Spring Orzo with Edamame

Serves 2 as a light lunch


8 oz. dry orzo pasta

handful of shelled edamame

2 Tbsp. olive oil

1/4 cup finely chopped onion

2 garlic cloves, minced

2 Tbsp. finely minced parsley

juice and zest from half a lemon

1/4 cup shredded parmesan, plus extra for garnish

salt and freshly ground pepper

1.  Cook the orzo in a pot of salted, boiling water for about 9 minutes, adding the edamame halfway through cooking time.  Drain the orzo and edamame and return to the pan.

2.  While the orzo is cooking, heat the olive oil in a small skillet over medium-low heat.  Add the onion and garlic and saute until softened and translucent, about 5 minutes.

3.  Pour the olive oil/onion mixture into the cooked orzo and stir gently to combine.  Add the parsley, lemon juice, zest and 1/4 cup parmesan to the orzo and add salt and pepper to taste.  Stir until all ingredients are combined then split the pasta between two bowls.  Top each bowl with a little extra grated parmesan.  Enjoy!
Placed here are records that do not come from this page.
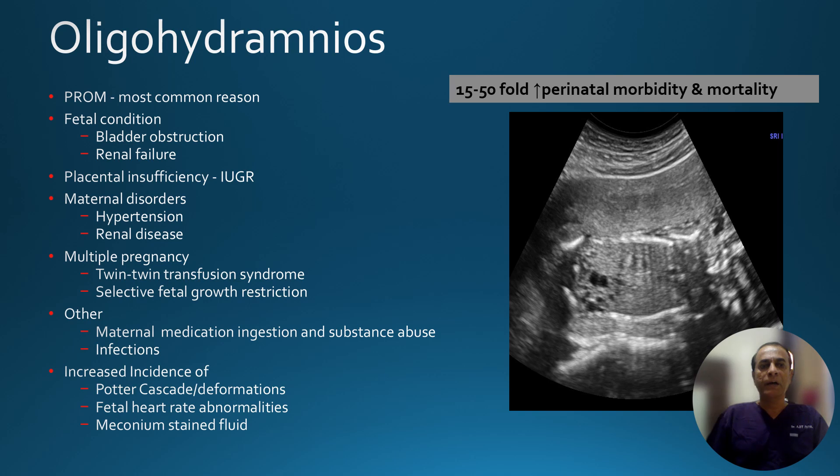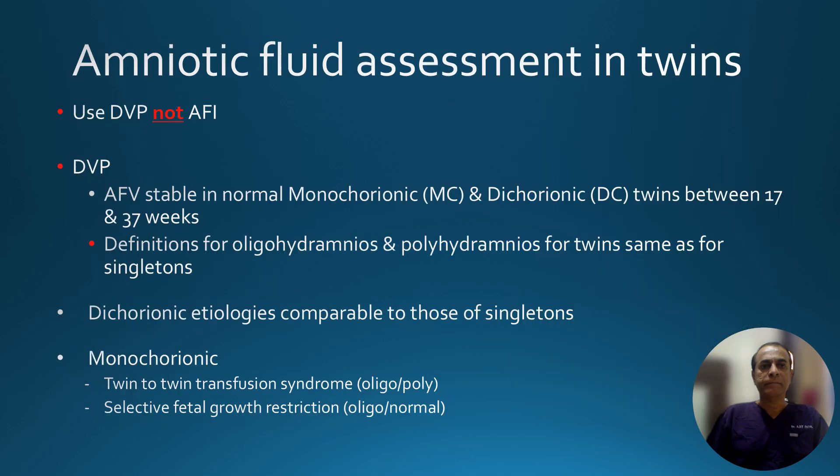Though the four-quadrant AFI technique is good for single-ton assessment, for twins it is not possible to divide each twin's sac into four different quadrants. So here we stick to the deepest vertical pocket and measure it in the same manner. If the deepest vertical pocket is between 2 to 8 centimeters it is normal; less than 2 is oligohydramnios and more than 8 is polyhydramnios.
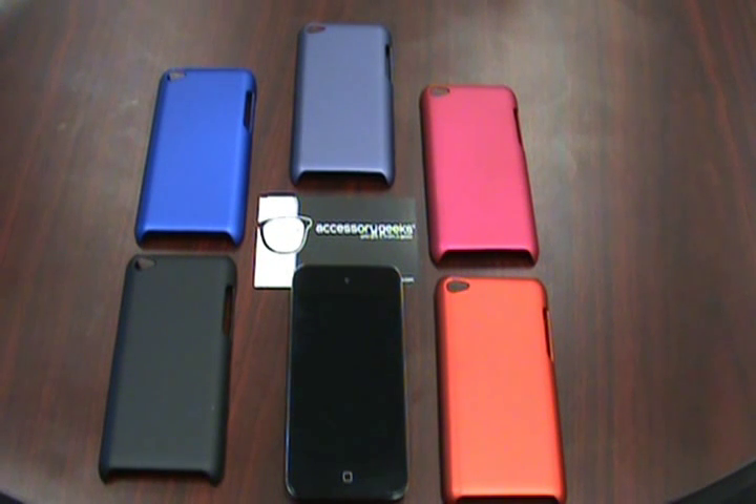Hey guys, John here with AccessorGeeks.com. What I'm going to show you today are some more plastic cases for the iPod Touch 4th Gen. As you can remember from a couple of my other videos, we've been showing you plastic cases that have kind of a clear coat finish on the back. Let me go ahead and bring one in the picture so you guys know what I'm talking about.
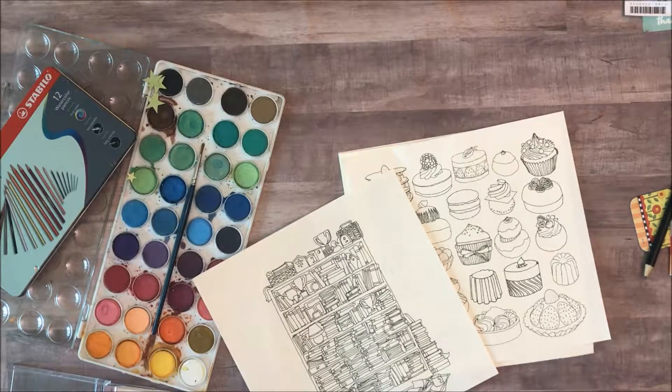Hello and welcome to another episode of Elevances with MZ, an arts and crafts show that is sure to awaken your right brain. Today we're talking about coloring pages.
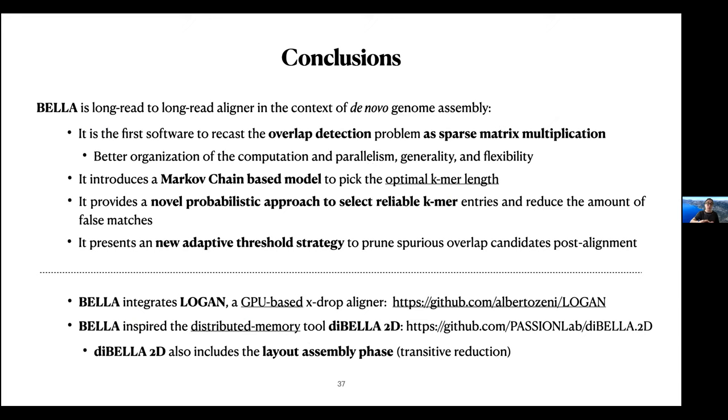In conclusion, we presented BELLA as the first software to recast the overlap detection problem as a sparse matrix multiplication problem. We also introduced probabilistic models to pick the optimal k-mer length, frequency boundaries, and to filter spurious candidates after alignment. BELLA also integrates Logan, a GPU-based X-drop aligner, and inspired the distributed memory tool BELLA2D, which also includes the next step of assembly — the layout phase. Thank you very much.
Edamame usually comes in a big bag so, if you have leftovers, I have another new idea for you.  We recently went to an Asian restaurant where they served unshelled edamame which had been marinated in a sauce.  It seems like the flavors wouldn’t actually reach the beans inside the shells, but somehow the flavors really permeated the whole bean and it was delicious.  I tried to copy this idea at home a few days ago by just adding a few dashes of sesame oil, soy sauce and rice vinegar to a bowl of freshly steamed edamame and then letting them marinate for a couple of hours.  If you try it out, please let me know what you think!  Edamame are also wonderful just steamed in the pods and sprinkled with a little sea salt before serving.  Delicious and good for you.